I always enjoy it when people tell on themselves with their font changes, making it clear that they have sent a hastily-edited form letter rather than a sincere one-to-one communication. Here's what a recent email looked like when viewed in Mail on iOS:

And here's what it looked like in Mail on macOS. The difference is more subtle, but the text of [MAJOR METROPOLITAN AREA] is still smaller (capital letters are 25px instead of 28px).

Also one of them is Arial and the other is Helvetica. Now, I know what you're thinking -- normally when someone makes that distinction you know that you're dealing with some kind of font-hipster super-nerd. This is true. But when they're side by side, sometimes even normal people can tell them apart!
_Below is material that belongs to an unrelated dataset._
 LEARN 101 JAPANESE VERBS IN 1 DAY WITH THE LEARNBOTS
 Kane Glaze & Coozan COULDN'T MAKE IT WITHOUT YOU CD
Here's an easy way to screw up like this on macOS:

  • Compose an email in Mail.app.
  • Format / Make Rich Text.
  • Type stuff.
  • Open Notes.app and copy stuff.
  • Paste.

You will almost certainly get different fonts, because you didn't do "Paste and Match Style".

"Make Plain Text" also works, because nobody needs to see the damned fonts in your damned email in the first place (sorry not sorry).

And it's not just Apple; the Google and MICROS~1 tool sets all fuck up in nearly identical ways. Besides the highly visible breadcrumbs that they reveal through this kind of font fuckery, view source also reveals many other edits. You tend to get a new DIV or SPAN every time you paste something or join paragraphs, and that reveals clues about your editing process, information that you probably didn't intend the recipient to have.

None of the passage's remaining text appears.